------ Materials provided

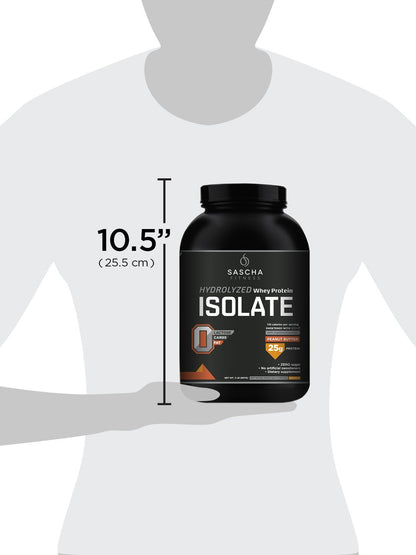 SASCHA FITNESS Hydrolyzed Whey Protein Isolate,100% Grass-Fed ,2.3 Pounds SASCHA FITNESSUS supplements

------------
------ Materials provided

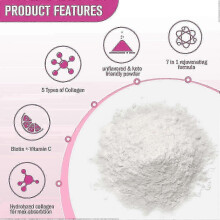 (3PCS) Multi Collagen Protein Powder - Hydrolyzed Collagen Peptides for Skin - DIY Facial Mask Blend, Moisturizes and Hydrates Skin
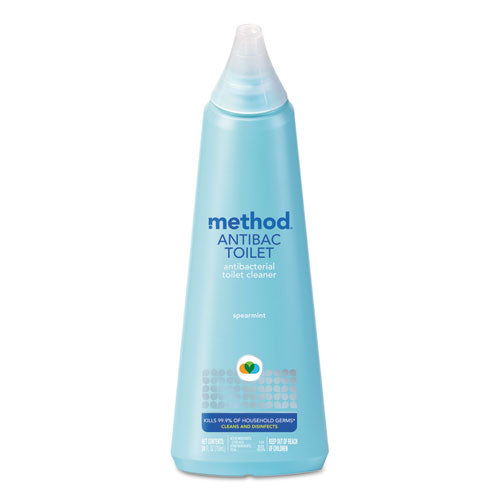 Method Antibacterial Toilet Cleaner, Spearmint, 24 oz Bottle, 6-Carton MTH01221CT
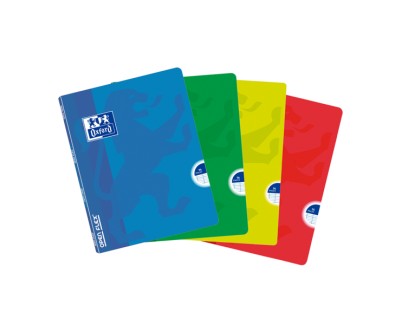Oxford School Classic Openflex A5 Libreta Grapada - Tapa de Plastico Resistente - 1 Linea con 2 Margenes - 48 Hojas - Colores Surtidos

------------

» **Action item**: All that is wanted is the lines above between the one containing "Method Antibacterial Toilet" and the one containing "Oxford School Classic", inclusive, restated word for word, with pictures omitted.

» **Result for this task**:
 Method Antibacterial Toilet Cleaner, Spearmint, 24 oz Bottle, 6-Carton MTH01221CT
Oxford School Classic Openflex A5 Libreta Grapada - Tapa de Plastico Resistente - 1 Linea con 2 Margenes - 48 Hojas - Colores Surtidos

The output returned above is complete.